The question is not whether - faced with a typically very, very large (if randomly chosen) number of clauses - you can implement smarter algorithms, the question is whether human-level intuitions will still help you with randomly constructed truth statements.

Not whether they can be resolved, or whether there are neat tricks for certain subclasses.

Of course if the initial use of "intuition" that sparked this debate is used synonymously with "heuristic", the point is moot. I was referring to the subset that is more typically referred to as human intuitions.

(I should've said k-sat anyways.)

The Elven Dogmas article has it's points, but it isn't perfect.

3: A Coherentist has good reason to use moral intuitions as evidence for moral conclusions (and arguably others as well).

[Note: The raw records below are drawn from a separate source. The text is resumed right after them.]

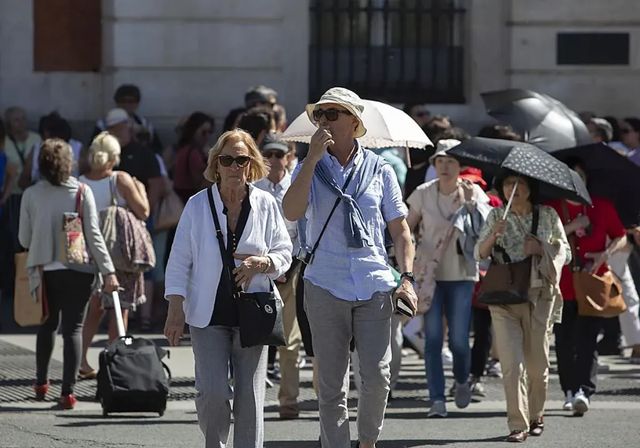 El turismo bate su récord: 97 millones de turistas que gastaron 135.000 millones de euros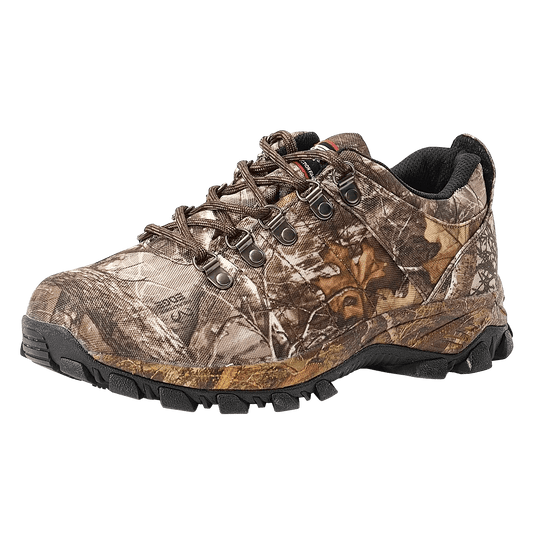 Waterproof Camo Hiking Shoes for Men - FUNWATER SUP CA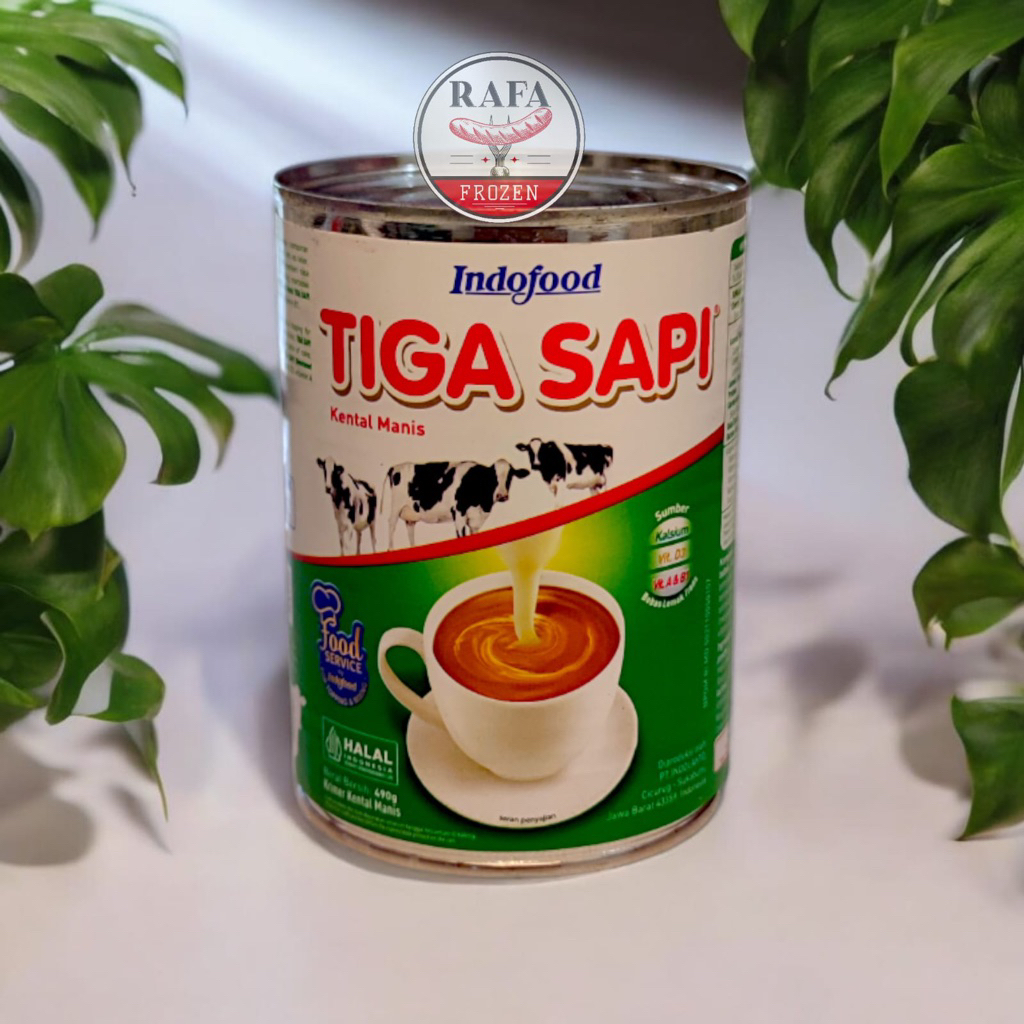 

SKM TIGA SAPI 490G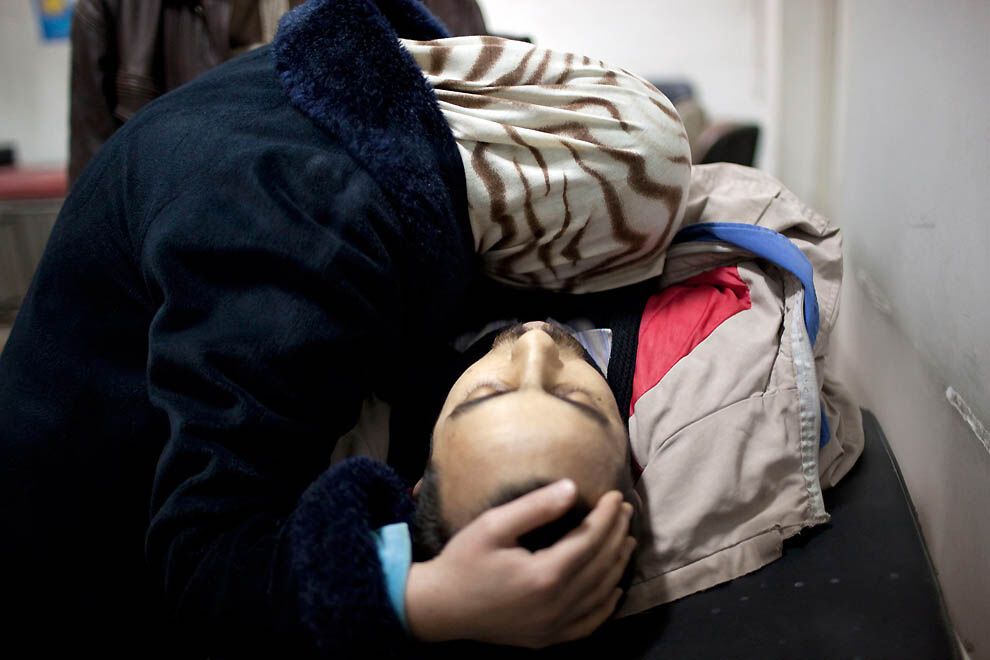 Сирия: взгляд изнутри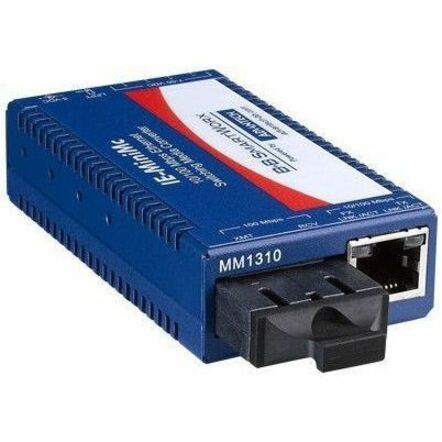 IE-MINIMC TP-TX/FX-MM1300-SC MEDIA CONVERTER - Thumbnail 4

6: As a prescriptive method, arguments using formal logic can be quite reasonable for detailing what a person SHOULD conclude, given the assumption that they want their beliefs to fit the evidence. (Depends on context)

7: The claim that "The best thinking is both cognitive and emotional" is only backed up for ethics. Other than goal selection (which cannot be purely cognitive), I don't see any reason to believe it to be so.

8: Granted the absence of variants on the Evil Demon Argument (and arguably even if not so granted), some truths, if not much of any practical importance, can be demonstrated to be true in any possible world.

9: Treating thoughts as propositional attitudes may not reflect reality, but as a means to determine a thought's correlation with reality they are, though not perfect, reasonable in the proper context.

11: Different individuals, particuarly across cultures, will have different ethical sentiments and thus different ethical goals on any level. Either you adopt subjectivism or nihilism and say there is no such thing as an objective ethics (admittedly reasonable but contrary to what the article seems to imply), or you accept that attempting to ethically reason based on common goals of morality doesn't work.